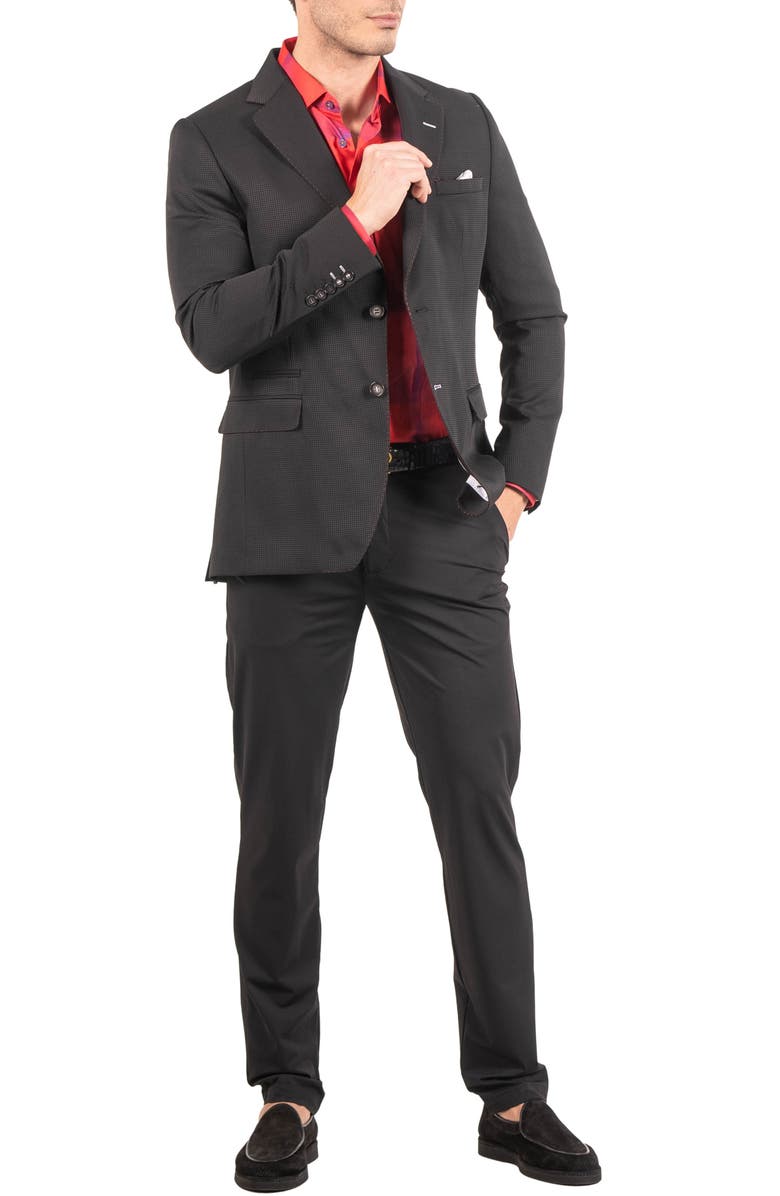 Maceoo Socrate Resistance21 Black Microcheck Viscose Blend Blazer, Alternate, color, 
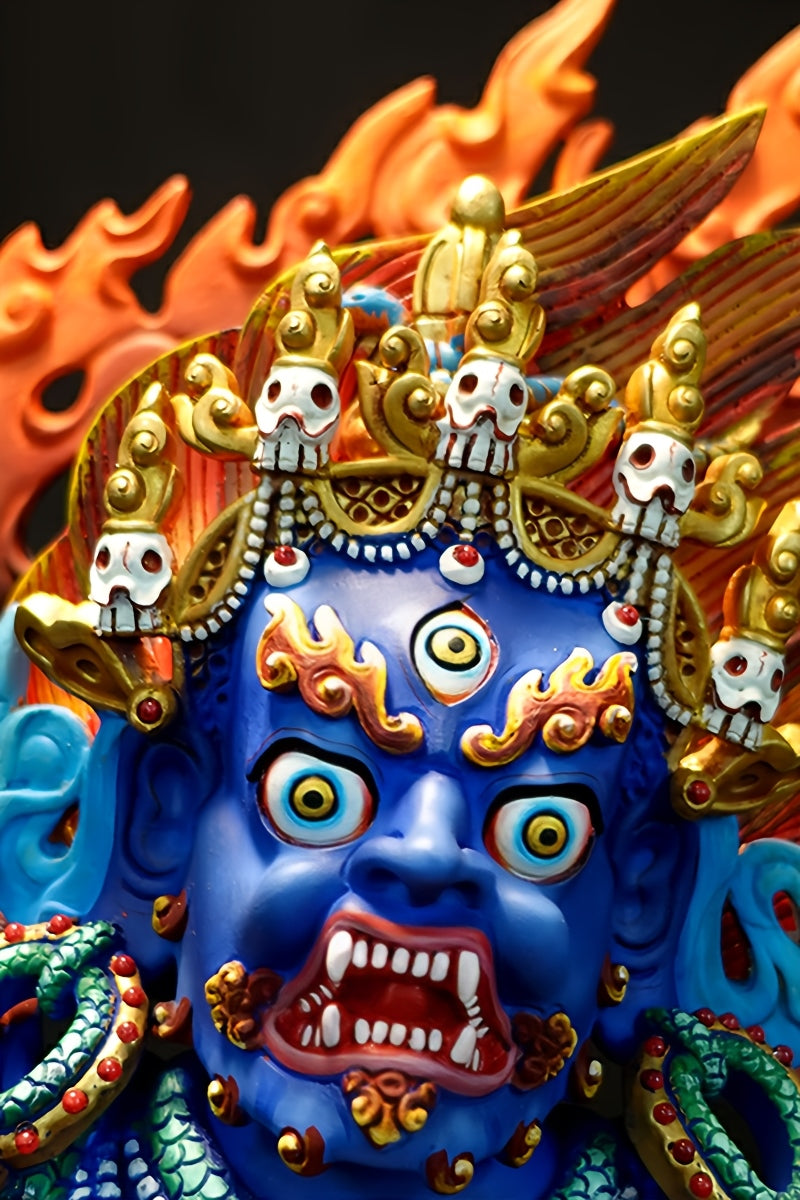 alt text: Brass Vajrapani statue with mineral paint, perfect for Buddhist art lovers and those looking for a unique Buddha statue.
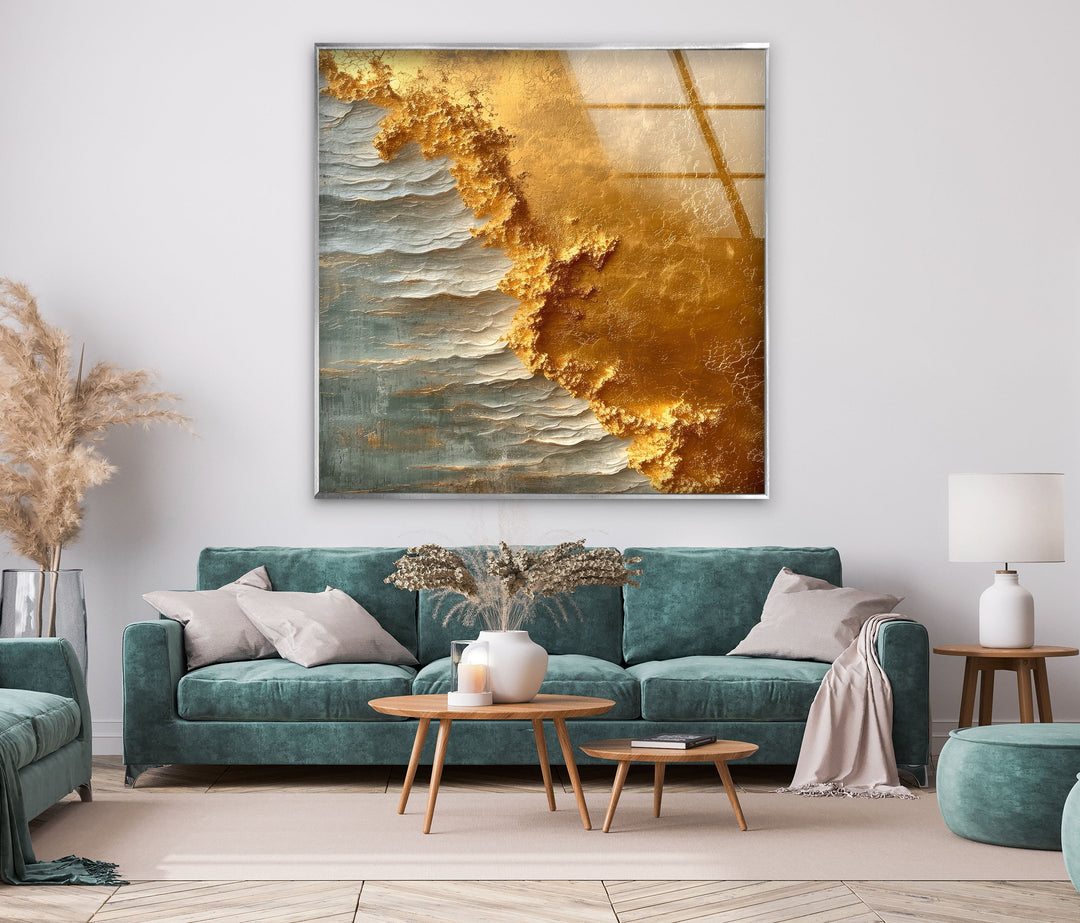 Golden abstract panel wall art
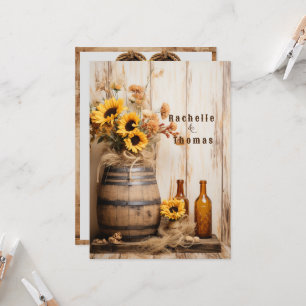 Invitación Country Western Sunflowers Whisky Barrel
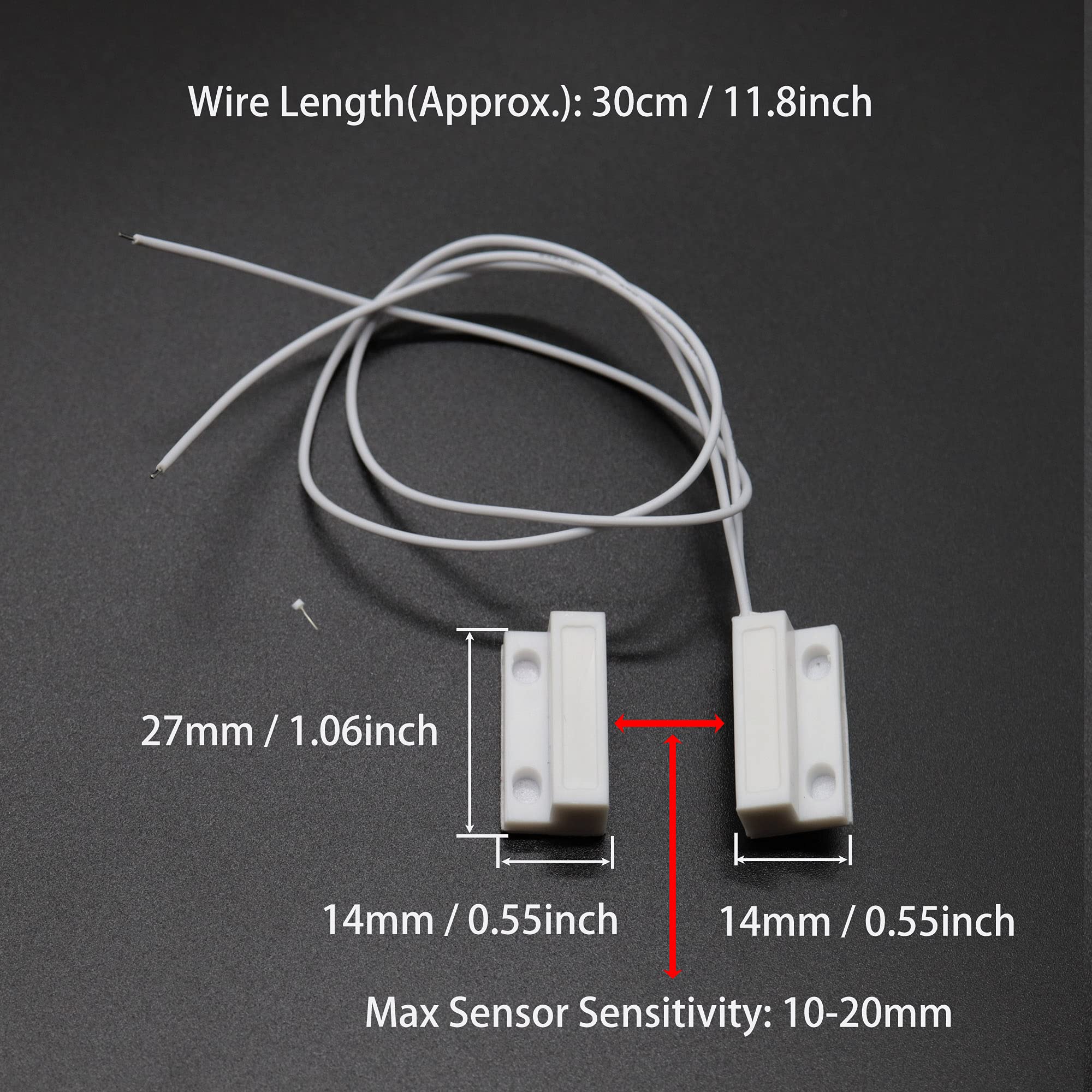 Victorshome Magnetic Reed Switch Nc Surface Mount Wired Door Window Contact Sensor With Adhesive Paper For Home Security And Bur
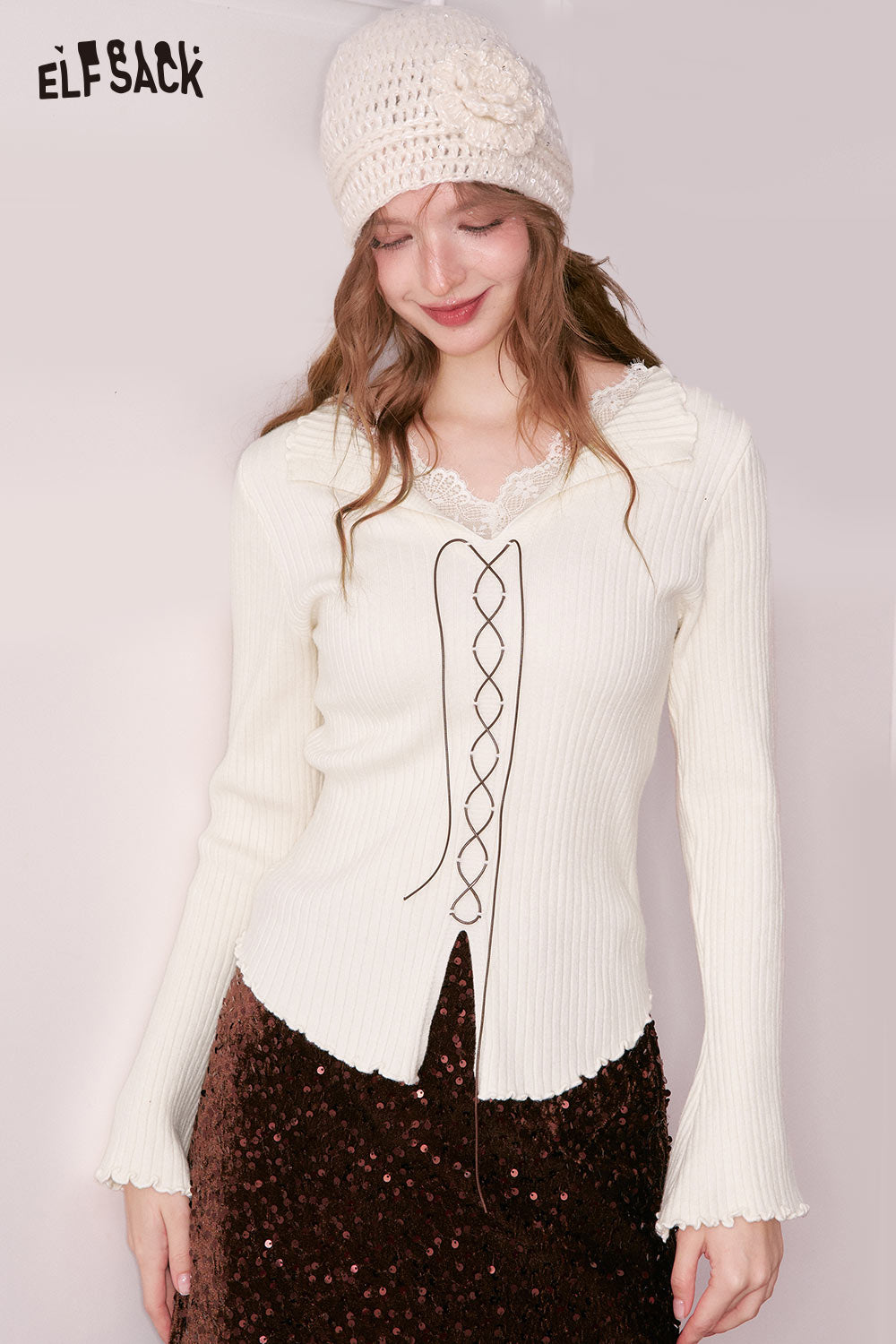 ELFSACK lace collar knitwear for women in white with a stylish front lace-up design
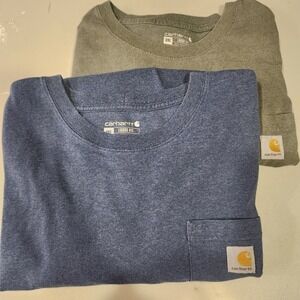 Carhartt Loose Fit Pocket T Shirt Men's 2XL Lot of 2 Blue Green Logo Casual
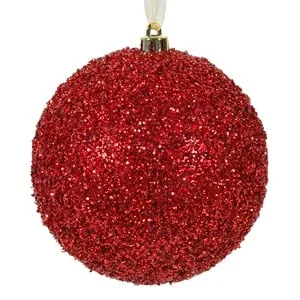 Glob Decorativ Rosu cu Tinsel pentru Bradul de Craciun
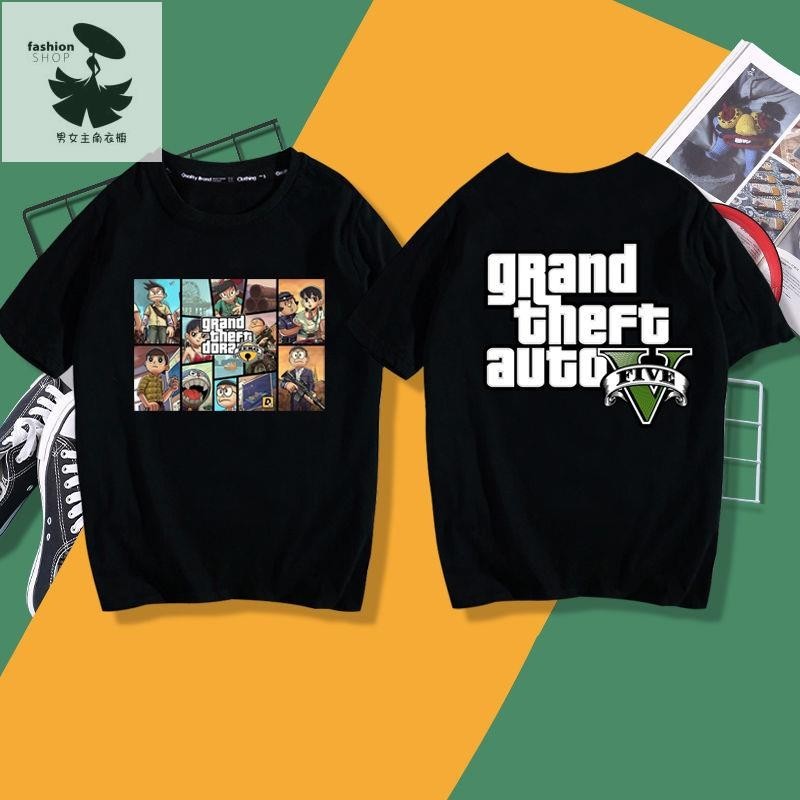 俠盜GTA5圣安地列斯周邊Rockstar Games搖滾之星短袖T恤 衣服體恤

—————

**Exercise details:** Restate the data above word for word. Do not include the images.

**Written answer:**
 Maceoo Socrate Resistance21 Black Microcheck Viscose Blend Blazer, Alternate, color, 
 alt text: Brass Vajrapani statue with mineral paint, perfect for Buddhist art lovers and those looking for a unique Buddha statue.
 Golden abstract panel wall art
 Invitación Country Western Sunflowers Whisky Barrel
 Victorshome Magnetic Reed Switch Nc Surface Mount Wired Door Window Contact Sensor With Adhesive Paper For Home Security And Bur
 ELFSACK lace collar knitwear for women in white with a stylish front lace-up design
 Carhartt Loose Fit Pocket T Shirt Men's 2XL Lot of 2 Blue Green Logo Casual
 Glob Decorativ Rosu cu Tinsel pentru Bradul de Craciun
 俠盜GTA5圣安地列斯周邊Rockstar Games搖滾之星短袖T恤 衣服體恤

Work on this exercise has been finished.